[[ STORED DATA, beginning ]]
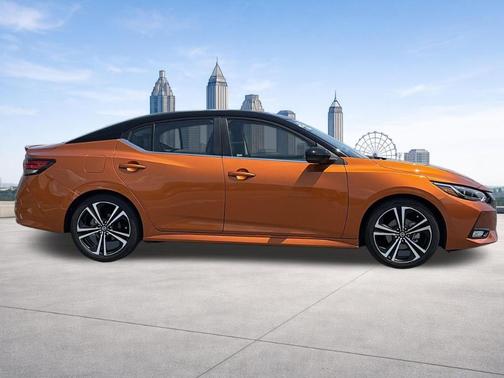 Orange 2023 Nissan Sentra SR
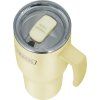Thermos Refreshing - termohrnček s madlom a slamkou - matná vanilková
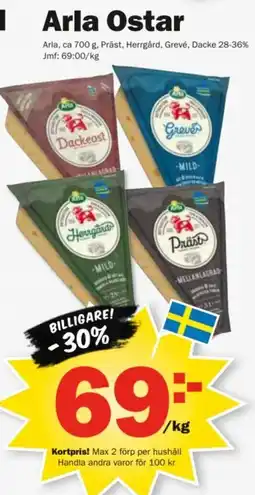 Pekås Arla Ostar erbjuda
[[ STORED DATA, end ]]
[[ STORED DATA, beginning ]]
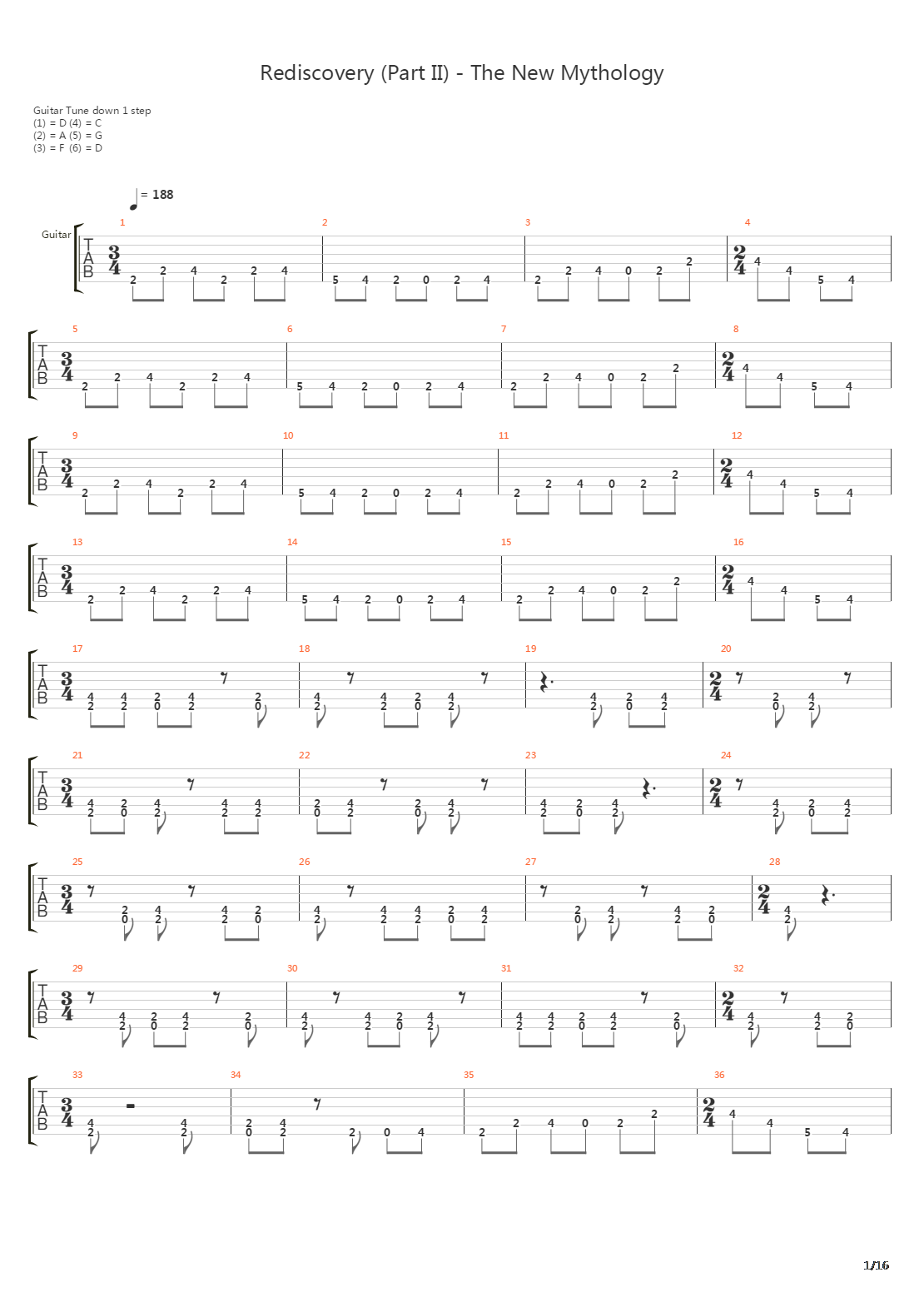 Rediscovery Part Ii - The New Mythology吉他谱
[[ STORED DATA, end ]]
#### EXERCISE DESCRIPTION
Your answer should consist of the lines above between those holding "Orange 2023 Nissan Sentra SR" and "Pekås Arla Ostar erbjuda", inclusive, reproduced word for word and without pictures.

#### YOUR RESPONSE
 Orange 2023 Nissan Sentra SR
Thermos Refreshing - termohrnček s madlom a slamkou - matná vanilková
 Pekås Arla Ostar erbjuda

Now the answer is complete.